The United Nations High Commissioner for Refugees (UNHCR) defines a refugee as “someone who has been forced to flee his or her country because of persecution, war, or violence”. In today’s world, upheaval on nearly every continent has forced millions to leave their homes. In the 1970s and ’80s, as part of my work as a photojournalist, I visited a number of refugee encampments across Asia and Africa, hoping that, in some small way, my photographs might tell their stories.

Leaving one’s home is probably the single most difficult decision one can make. Very few refugee camps provide anything more than basic lodging and subsistence.

It is a true test for the refugees on many levels. Education for children is almost always a casualty of the situation of too few resources for too many people. Yet, I have found there is almost always a resilience among refugees that belies their circumstances, and often those in the toughest situations reveal a fortitude that far surpasses what one might expect.

And so, this summer, with the International Olympic Committee offering support for the Refugee Olympic Team, we saw 10 individuals, each from a backdrop of strife and difficulty, who had been given the chance to train, live, and compete as Olympic athletes. That none of them won a medal was but a minor footnote to what was a committed and spirited group. Watching the long-distance runners take to the track, or the swimmers to the pool, one couldn’t help but be struck by the adherence to the hard work necessary for any athlete to succeed.

The first day at the training pool, I spent a couple of hours with Yusra Mardini and Rami Anis, both swimmers from Syria. Would they win medals or set new records? Perhaps not, but nothing I saw in Rio, in any venue, could compete with the sheer dedication to work – hours going full-bore in the pool – which they displayed.
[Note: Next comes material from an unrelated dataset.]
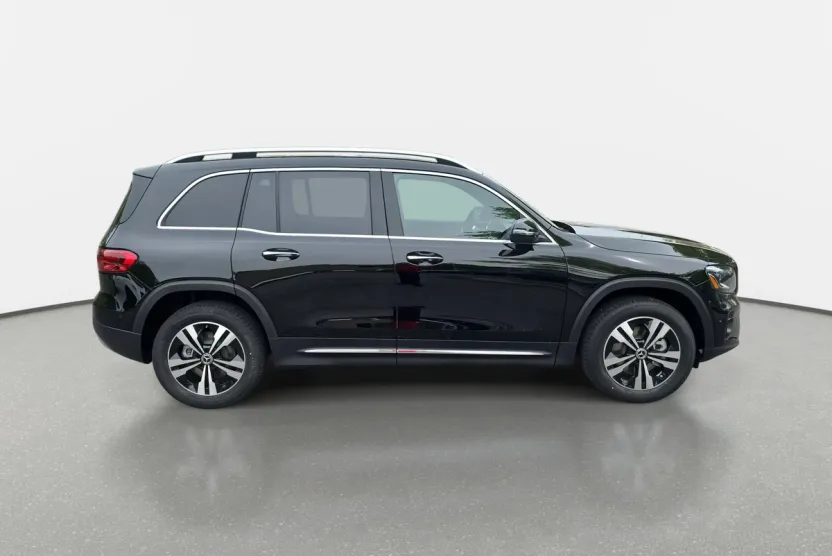 2025 Mercedes Benz GLB 250 photo 1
The runners too came with a single-mindedness which was typical of what one would expect of an Olympian. Sometimes it’s the game itself, and devotion to the game, be it running, judo, or swimming, which is the test. Days, months, even years of preparation are the rule, not the exception. The concept of Olympism embraces the fusion of mind, will, and body, and these refugee athletes excelled in every way, above all, in an age of adversity, with their own humanity.